British MPs do a lot of voting.  In an average parliament (if there is such a thing), there can be upwards of 1500 separate votes, also known as divisions.  The Public Whip is a brilliant site, dedicated to providing this data in an easy to use format.

The Public Whip also have a couple of nice little visualisations of the data, in particular the one here. This uses a mathematical techniques known as multi-dimensional scaling (MDS) to convert the specific voting pattern for each MP into two numbers that can then be plotted onto a map.  In other words, it lets us visualise the 1500 or so votes in a nice 2-dimensional plot.

To do this, one has to convert the votes into numbers.  Lets say, for arguments sake, that we use the number ‘1’ if the MP voted for a particular motion, ‘-1’ if they voted against it and ‘0’ for everything else (abstention, laziness, etc).  MDS isn’t the only technique that can be used for visualisation like this.  Chris Lightfoot used Principal Components Analysis (PCA) – a technique similar in mission to MDS but resulting in a different 2-dimensional plot (I’ve added an accessible-ish guide to PCA below – apologies to the purists).

I find this kind of exploratory analysis interesting and so got a project student to build some software that would allow the user to perform this analysis under different conditions (different parliaments, different sets of MPs, etc).  The result was a really nice bit of software that will hopefully be made freely available somewhere at some point.  My interest didn’t dwindle though and  I had a bit of free time the other day so exported some data from the application for the 2005 parliament to play with.  I used Matlab do a standard PCA on the 2005 parliament.  Here is a plot of the MPs in their new world, coloured according to party (some of the colours aren’t very clear…sorry!):

The two dimensions chosen by PCA nicely split the three main parties into separate clouds. This isn’t surprising: MPs will often vote with their party and so we’d expect MPs within a party to vote similarly and MPs from different parties to vote differently.

However, there seems to a strange centralising force!  Something is pulling politicians from all three parties into the centre of the plot, particularly obvious for the Conservatives (blue) whose MPs seem to form a line pointing towards the point (0,0).

It would be nice to think that this was the result of PCA capturing some interesting diversity within the main parties. However, as Chris Lightfoot discusses in his original analysis, this isn’t always the case: it’s impossible to disambiguate such real variation from artificial variation due to our representation of the data.
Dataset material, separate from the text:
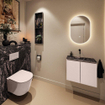 MONDIAZ TURE-DLUX meuble de toilettes 60 cm Rosee. EDEN lavabo Lava position milieu. Sans trou de robinet. SW1104001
Recall that we gave each MP one of three values for each vote: -1,1 or 0.  It is this last category that is the problem.  An MP voting neither for nor against a particular motion could be doing so for a number of reasons, the most likely of which is that he or she wasn’t present on the day of the vote (play with this data for a while, and you’ll be struck by how rarely some MPs do vote).  Encoding this as ‘0’ has the effect of pulling MPs who don’t vote very often towards the centre of the plot.

Ideally, rather then being forced to pick a number, it would be better if we could treat it as missing.  However, PCA forces us to supply a number for each vote for all MPs.  Using ‘0’ (or indeed anything) is a problem.  Think of it this way: by using ‘0’, we are saying that the MP is sitting on the fence – halfway between for (1) and against (-1).  In some cases this may be reasonable, but for the most part, it’s likely to be a gross over-simplification.

In statistical terms, these values are ‘missing’ and the problem of missing values is widely studied in statistics because they occur all over the place.  Sometimes they occur randomly – imagine that the complete data-set exists somewhere and each value is kept or removed based on the toss of a coin. Other times there will be something systematic that causes values to be missing.  Either way, there is a lot of literature devoted to this.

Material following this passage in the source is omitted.